Much as the educator in me would like to imagine, history lessons won’t suffice in moving contemporary digital practice toward a location of radicalism. A critical reengagement of the material of our tools seems to be a more worthwhile endeavor. The ways in which we use software and hardware to create cultural material speak volumes about the intention of the maker and the willingness of that individual to take a stance against the material of monoculture. Instead of celebrating the access of iDevices for making pretty drawings and using monoculture social media as an artificial performance platform, an investment in progressive alternatives might be in order. To this end, I know few artists that use opensource software, build their own computers, or at the very least release their work under Creative Commons. I’ll reproach myself slightly for positioning this as some kind of merit badge of nerdiness. But the fact remains that the ease of piracy and/or pilfering volume licenses from academia have an effect on the way that these tools get used.

Adobe’s EULA for CS5

Whatever potential for subversion that might occur in using mass-market software is subsumed by the software rigidity. I’m constantly surprised by my own willingness to agree to End User License Agreements that I know full well compromise my freedom. This agreement not only constrains creative potential, it also dictates a specific aesthetic. Digital artists using excessive drop-shadow in Photoshop, or crowd-sourced models from Google SketchUp, turns into a convenient visual style. It seems as if the cultural capital that net art has coveted so consciously is slowly losing its metaphorical gold standard. In other words, because of the aesthetic motivations behind a potential subversion, the intention of the artist becomes clouded. When look becomes primary and content becomes secondary the potential for political activation becomes lost.

Perhaps the immediacy of creative tools has rendered critical inquiry into the need for those tools as insignificant (or moot). Instead tools are taken for granted, and as a result this entitlement breeds a homogenous aesthetic. For example, instead of figuring out how to modify, hack, or renegotiate available technology (i.e. an obsolete printer or gaming console), contemporary artists can simply pirate the latest version of ZBrush. Again, issues of access seem integral in refamiliarizing ourselves with a radical vernacular. What happens to the content of our media when we can pirate any software we need? What happens to our culture when open-source options seem alien or only for those with computer science degrees?

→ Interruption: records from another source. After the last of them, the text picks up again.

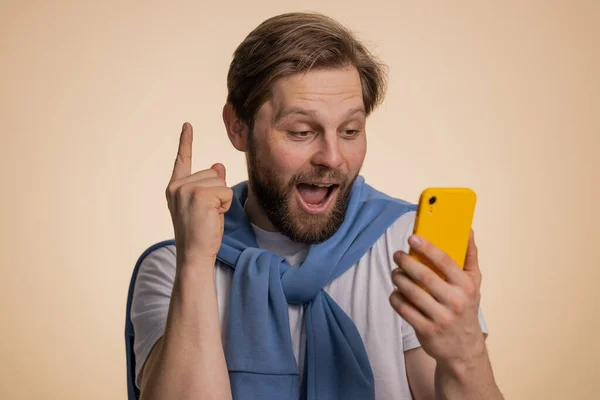 Blij Verbaasd Opgewonden Vrolijke Blanke Man Shirt Gebruik Smartphone Typen — Stockfoto
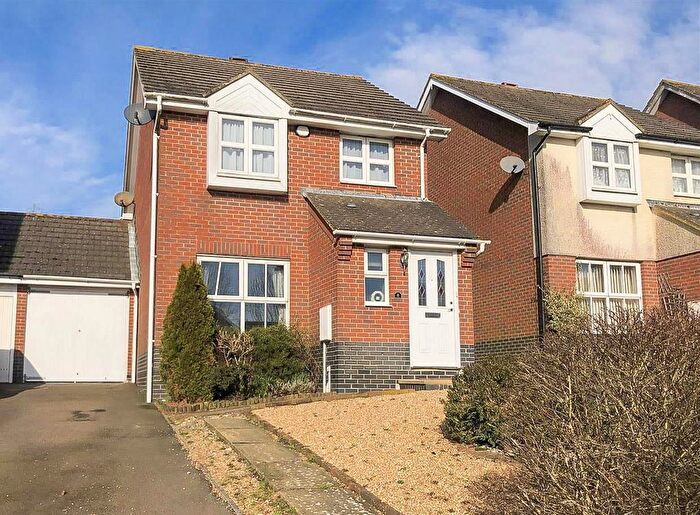 3 Bedroom Link Detached House For Sale In Stonebeach Rise, St. Leonards-On-Sea, TN38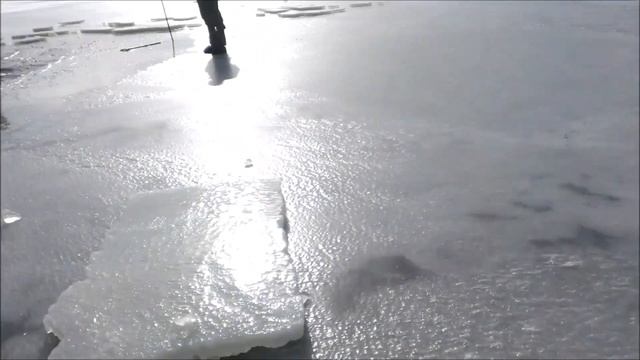 Спасаем рыбу в пруду, вскрываем лёд на осушителе смотреть онлайн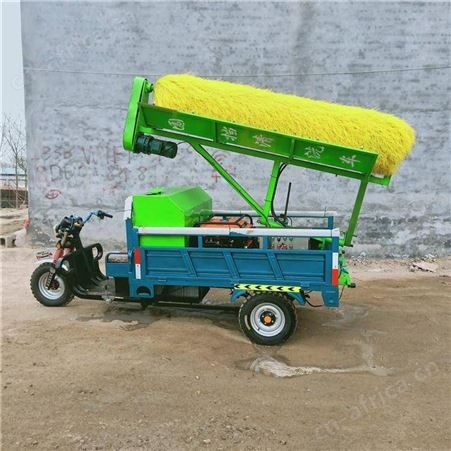 移动式围挡清洗车 隔离栏杆高压清洗机 全自动围挡滚刷式清洗车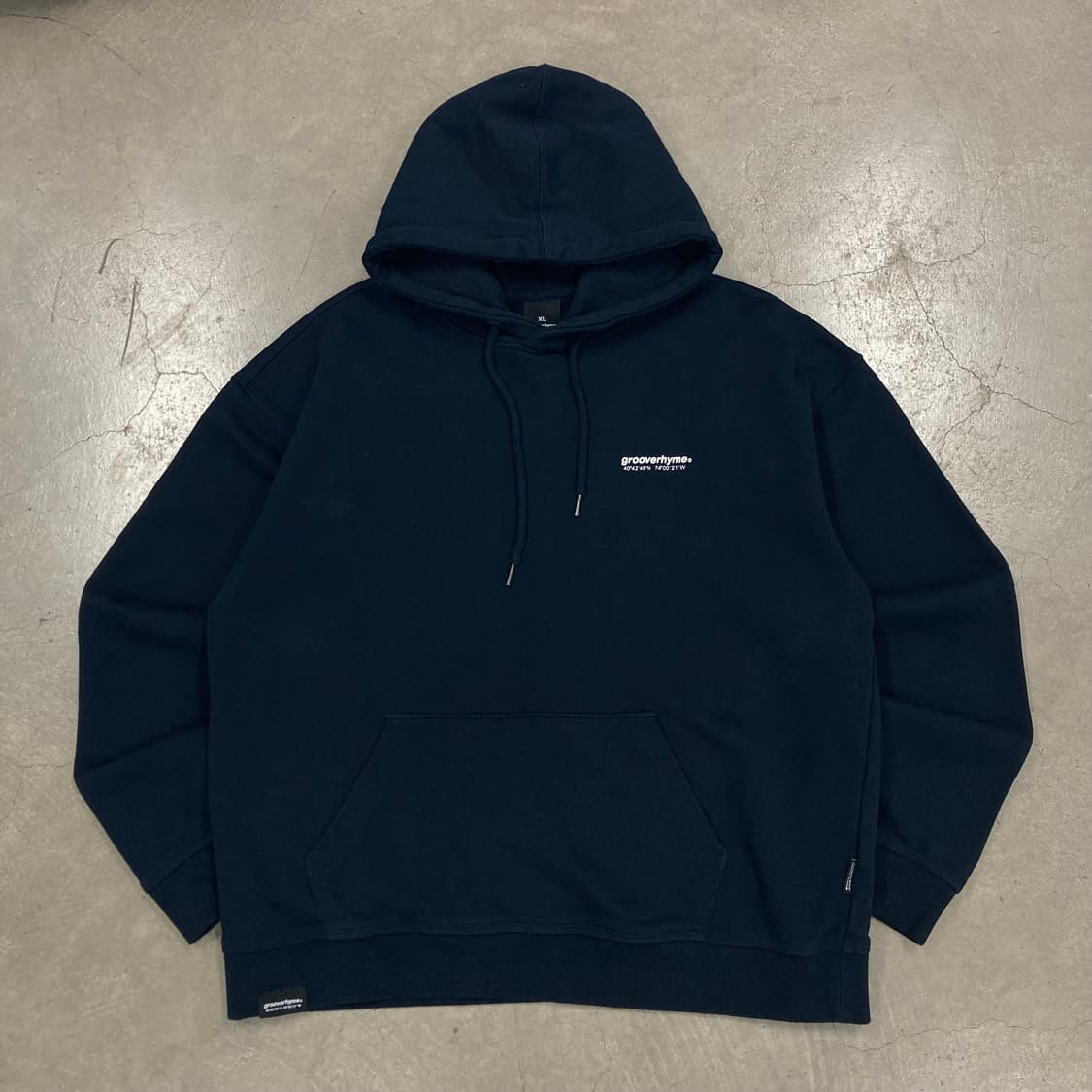그루브라임 네이비 컬러 스펠아웃 후드티 상품이미지2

Perhaps, what I’m observing is a desire in contemporary net-based practices to diverge away from a hacker ethic that once informed a previous generation of new media artists. In some ways, 0-Day Art embodies a unique creative intersection between hacker culture and contemporary net art. As a result of this divergence, there is a noticeable political division between those interested in DEF CON and those going to Art Basel. The dwindling overlap between these potential communities has either migrated offline completely or gone into other fields (game development, e-journalism, music, etc.).

But why? Is the conflict here merely financial, or is there inherently an ideological divide between digital activism and digital creativity? The willingness of net-based practitioners to champion the flexibility and openness of the web must come also with a willingness to defend that openness at the cost of personal gain and/or success in the art world.

It’s clear that the impact of Aaron’s death is reaching far and wide to many different types of free information advocates, but to what extent his suicide will effect contemporary net art is still uncertain (if at all).  My hope is that Aaron’s sudden death, again tragic and profoundly dire, will inspire others to continue in his wake. I especially hope that this happens within the arts – where the debate of property, distribution, access, and potential profitability continue to create contentions and rifts amongst what once appeared to be a tight community of peers.